Sly’s music was so good that it would be sampled years later. At about 40 seconds into that great Fatboy Slim video featuring Christopher Walken, I hear echoes of Sly’s Into My Own Thing [LISTEN to both]. It was clear that the psychedelic soul of Motown, especially by the Temptations producer Norman Whitfield, came from the group’s sound, notably Larry Graham’s bass playing, and the shared lead vocals; George Clinton & Parliament/Funkadelic and many others would also be influenced.

Yet, except for the title song from the second album, Dance to the Music [LISTEN] (#8 US in 1968), the band was not having much commercial success, despite the addition of sister Rose on that second album.

Things changed with the fourth album, Stand!, which made my list of Top 25 favorite albums of the decade 1961-1970 [LISTEN TO ALL]:
I Want to Take You Higher, #60 US in 1969, #38 in 1970 when it was re-released after their legendary Woodstock appearance that I loved watching on the film
Sing a Simple Song, a B-side that got to #89 US on its own
Everyday People, #1 US for four weeks in 1969
You Can Make It If You Try
and the title track, #22 US in 1969

But the album I would have rather have put on the list, had it been permitted, was their greatest hits album, which featured these songs not found on other albums:
Hot Fun in the Summertime, #2 US in 1969 (“ooo, Lawd”)
Thank You Falettinme Be Mice Elf Agin, #1 US in 1970 [this is a remake]
Everybody is a Star, its B-side

Unfortunately, members of the band, and especially Sly, got caught up in heavy drug use.

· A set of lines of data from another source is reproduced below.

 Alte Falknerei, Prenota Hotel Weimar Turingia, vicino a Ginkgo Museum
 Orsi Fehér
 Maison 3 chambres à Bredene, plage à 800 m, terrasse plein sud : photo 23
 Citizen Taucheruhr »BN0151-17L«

The last Sly album I bought, until considerably later, was the druggy There’s A Riot Going On, with two Top 40 singles in the US, Family Affair, #1 for three weeks in 1971, and Runnin’ Away, #23 US in 1972.

The group was inducted into the Rock and Roll Hall of Fame in 1993, with George Clinton as the presenter.

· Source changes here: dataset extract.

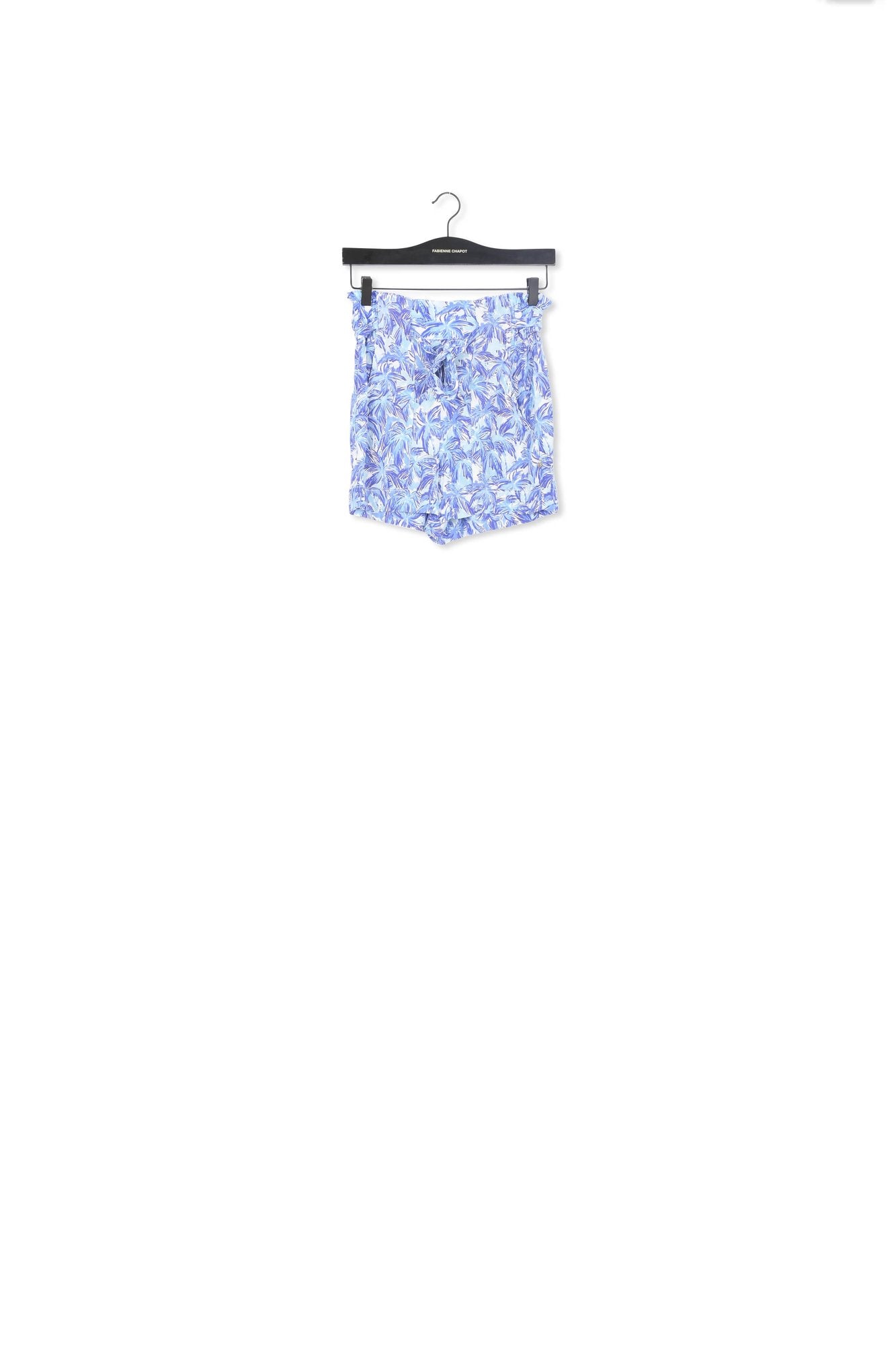 Olivia Shorts Fabienne chapot - second hand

The Family Stone is still playing together in 2014, alas without Sly.

 


ABC Wednesday – Round 14

Author: Roger

I'm a librarian. I hear music, even when it's not being played. I used to work at a comic book store, and it still informs my life. I won once on JEOPARDY! - ditto.

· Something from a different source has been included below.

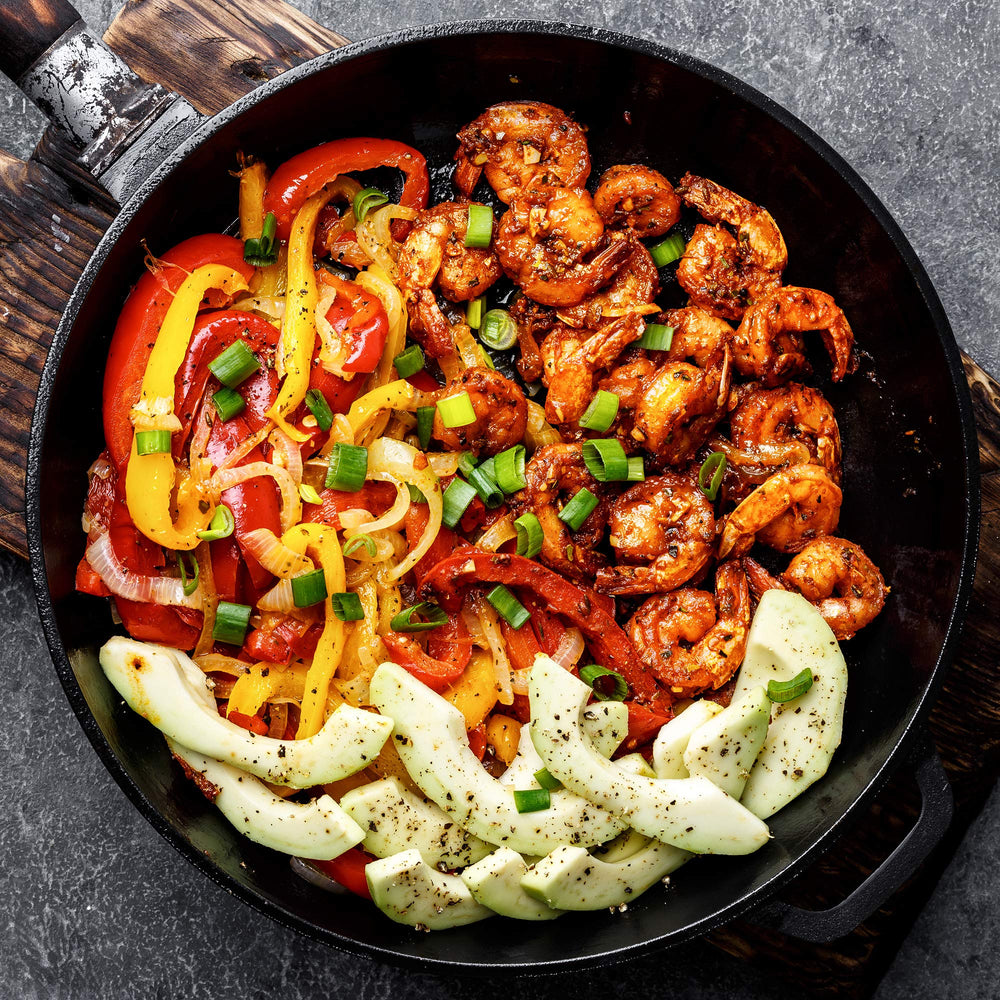 
                      
                        Fajita Seasoning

10 thoughts on “U is for Unique: Sly & the Family Stone”

  1. I always loved them! Actually, I loved all the Motown stuff.

    Leslie
    abcw team

  2. I was fortunate enough to see the group live twice. Once in Central Park NYC circa 1969,,,and again at St. John’s Univ. Homecoming concert around 1970-71. Tremendous!

  3. At least one story holds that Sly gave up his producer badge after working with — and failing to get anything worthwhile out of — the Great Society, Grace Slick’s first band.

    Weirdly, those three non-LP tracks on the canonical Greatest Hits album were rechanneled pseudo-stereo: no proper stereo mixes had ever been made. (Well into the CD era, this was fixed.)

  4. Yes we listened to Sly and the Family Stone and other funk music kin the 70’s. A very unique sound for sure.
    Ann

  5. I really enjoyed this, especially with Walken making such unusual moves (for him, that is)! I had never seen this before. thanks!